Между тем даже после того, как немцы начали отступать, на фронте Фоша продолжались ожесточенные бои на высотах, где немцы удерживали Шато-де-Мондеман, отражая одну атаку за другой. Подходы к шато были завалены погибшими французами. Но утром 10 сентября одна из дивизий Фоша ринулась в атаку на Фер-Шампенуа через Сент-Гонские болота и сопротивления не встретила. Немцы исчезли. Мондеман был отвоеван после того, как артиллеристы прикатили два орудия, пробившие бреши в стене, окружающей парк, с расстояния 300 м. Хлынув через обвалившуюся кладку, атакующие с изумлением обнаружили в городе лишь трупы противника – и отсюда немцы ушли.

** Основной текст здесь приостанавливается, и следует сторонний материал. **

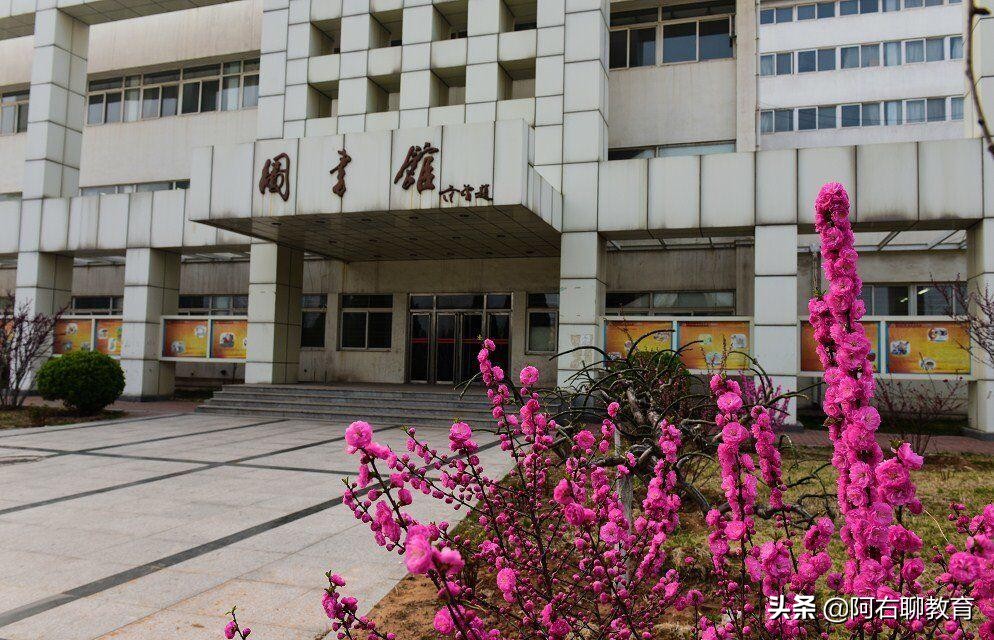 秦皇岛除了燕山大学，还有哪些本土本科高校？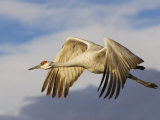 Sandhill Crane in Flight, Grus Canadensis, North America Photographic Print by John Cornell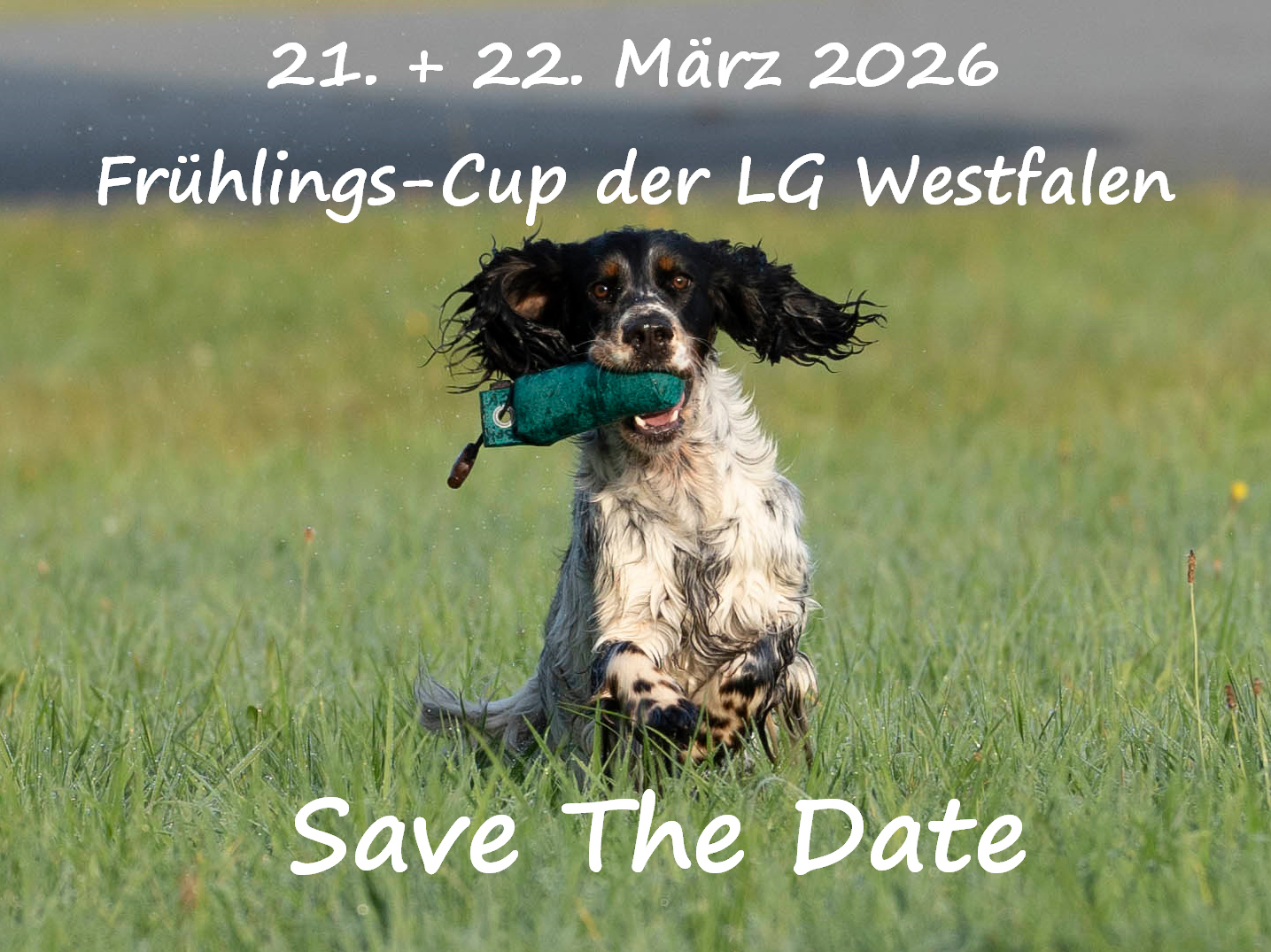 Save the Date Frühlingscup Westfalen März 2026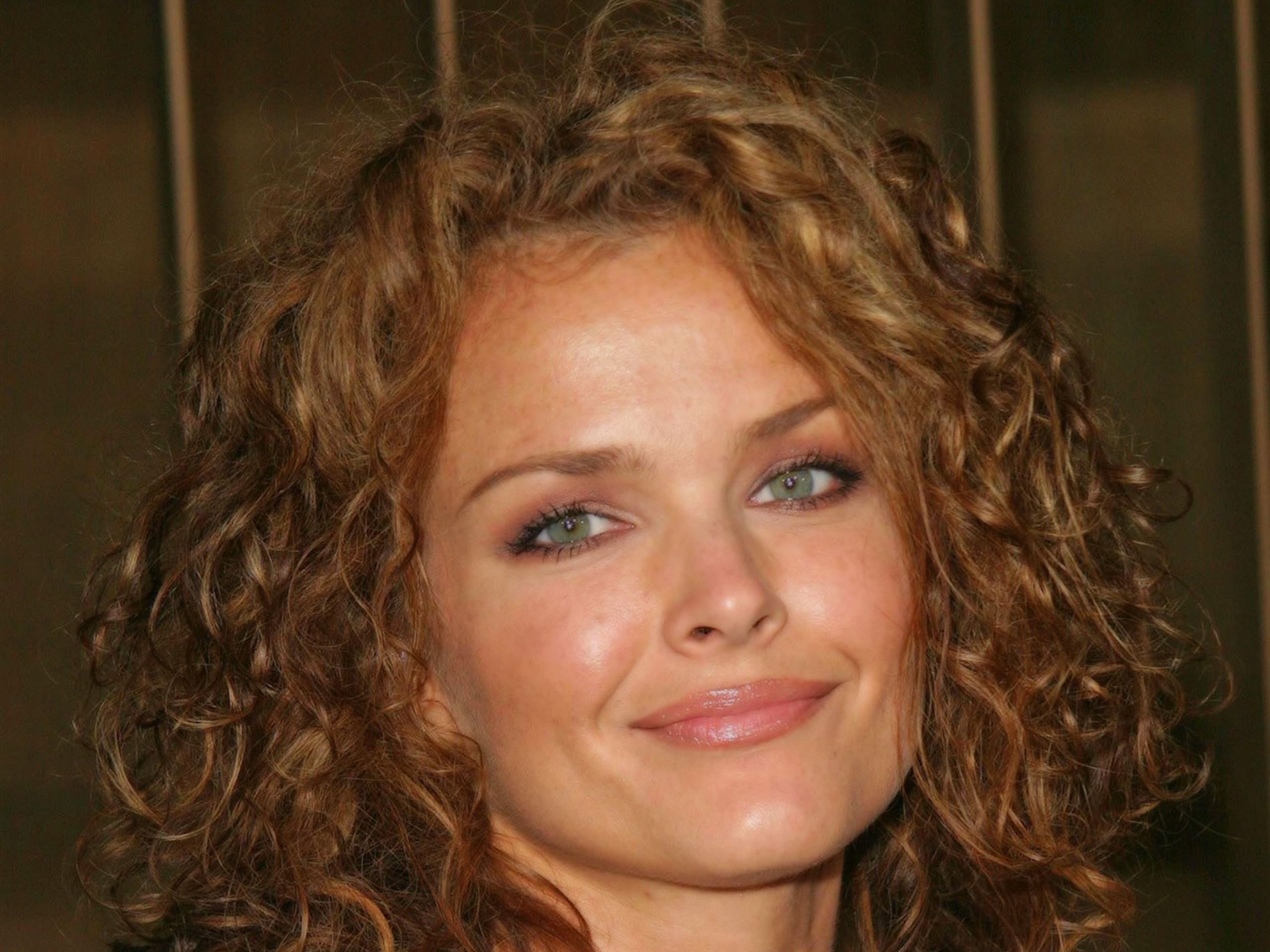 Dina Meyer movies, Dina Meyer desktop wallpapers, Dina Meyer celebrities, Dina Meyer female, 2560x1920 HD Desktop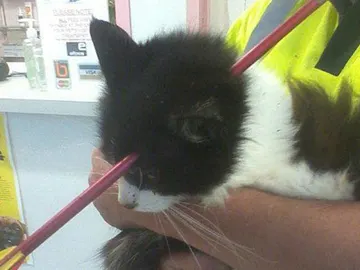 El gato llamado Moo Moo sobrevive después de que una flecha le atravesara la cabeza El gato llamado Moo Moo sobrevive después de que una flecha le atravesara la cabeza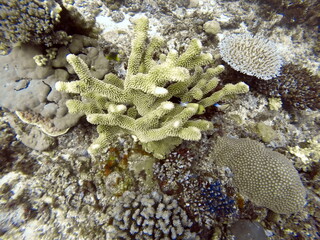 Coral on the reef in Fiji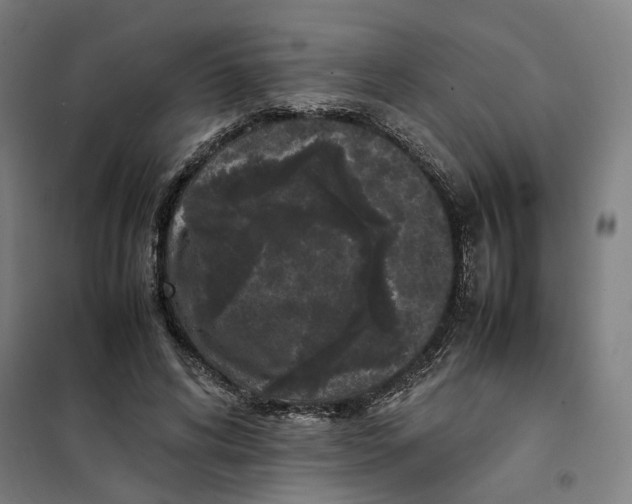X0000101220592200807251113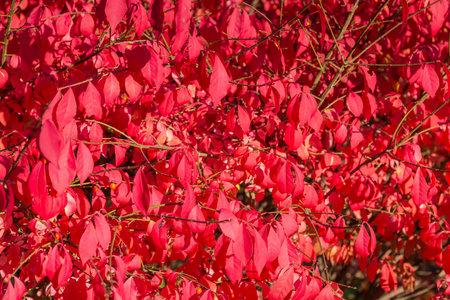 Fragment of the Winged euonymus bush with bright red leavesの写真素材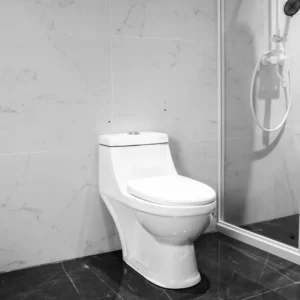 WP-8046 One-Piece Ceramic WC Toilet Washdown Bathroom Toilet Soft-Close Cover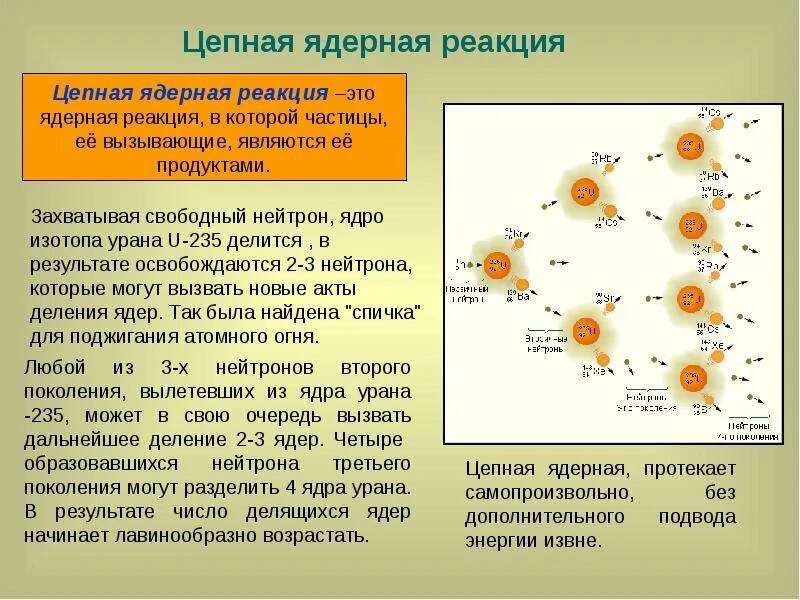 Изотоп u 235. Цепная ядерная реакция деления. . Ядерные реакции. Цепная ядерная реакция. Кратко. Механизм протекания цепной ядерной реакции. Схема развития цепной реакции деления ядер урана.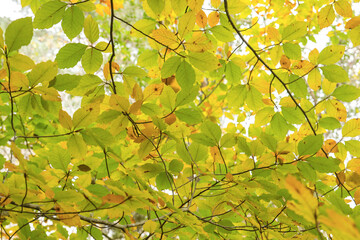 Beech tree autumnal foliage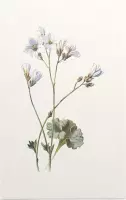 Steenbreek (Saxifrage) - Foto op Forex - 80 x 120 cm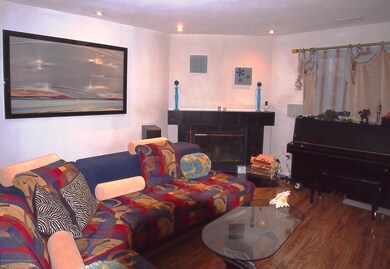 (4) Family Room With Wood Burning Fire
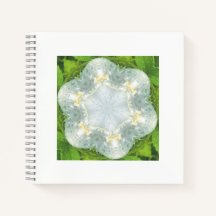 Wet White Wild Rose - Mandala green - by ID Art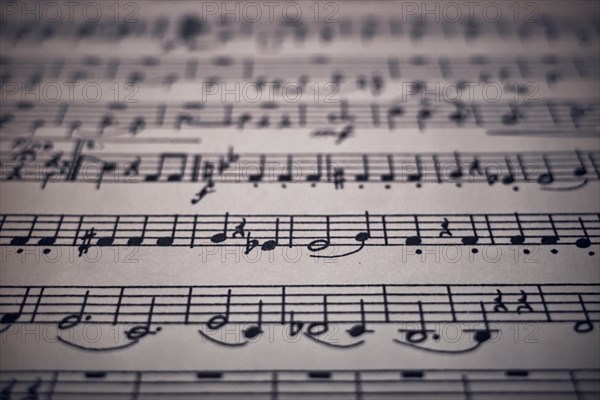 Music notes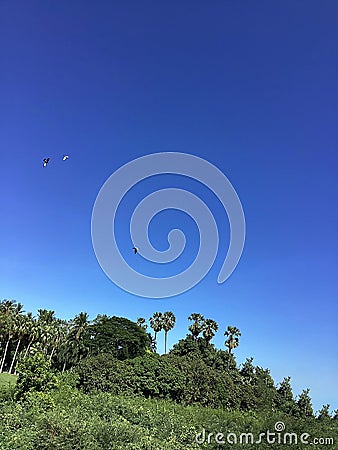 trunk large tree rough surface texture background nature plant bush bamboo grass with white cloud blue sky Stock Photo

То же самое повторилось на фронте 6-й армии Манури на северо-западе: солнечное утро 10 сентября встретило батарею Поля Линтье под Нантоем неожиданной тишиной, не нарушаемой ни единым выстрелом. «За ночь противник убрался», – сообщил командиру артиллеристов проходящий мимо пехотный полковник. «То есть как?» – не поверил майор. «Вот так. У нас приказ двигаться вперед. <…> Немцы отступают по всему фронту». Офицеры переглянулись с улыбкой. «Это значит…» – «Да, победа!» Линтье писал: «Передаваемая из уст в уста новость наполняла нас ликованием. Победа, победа… когда мы совершенно ее не ожидали!»{650}
Многие немецкие военные были так же озадачены и возмущены отступлением на Марне, как и британцы, менее трех недель назад отступавшие от Монса. Таппен, главная фигура в штабе Мольтке, заявлял прежде: «Кто сейчас удержится, тот и победитель» – однако именно немецкая армия прервала наступление. Генерал кавалерии Георг Вичура был «раздавлен», боевой дух личного состава «сломлен, кругом растерянные лица». Для одного из полков 3-й армии приказ отступать прозвучал «громом среди ясного неба», и его полковник писал: «Я видел, как у многих по щекам катились слезы». Генерал 1-й гвардейской дивизии Оскар фон Гутьер негодовал: «Они что там, с ума посходили?» Генерал Пауль Флак не верил услышанному: «Такого не может быть… Победа была за нами»{651}. Именно здесь зарождалось глубочайшее, страстное, на грани истерики ощущение предательства; чувство, что какие-то злые силы украли у Германии победу, принадлежавшую ей по праву. Это ощущение будет еще долго зреть, разрастаясь после 1918 года в душевную травму и затаенную обиду. «Они там, в ставке, совершенно не владеют собой», – презрительно писал кронпринц Рупрехт в своем военном дневнике. По словам баварца Карла Веннингера, в штабе Мольтке 10 сентября царила «могильная тишина. Все ходят на цыпочках… лучше ни с кем не заговаривать и ничего не спрашивать».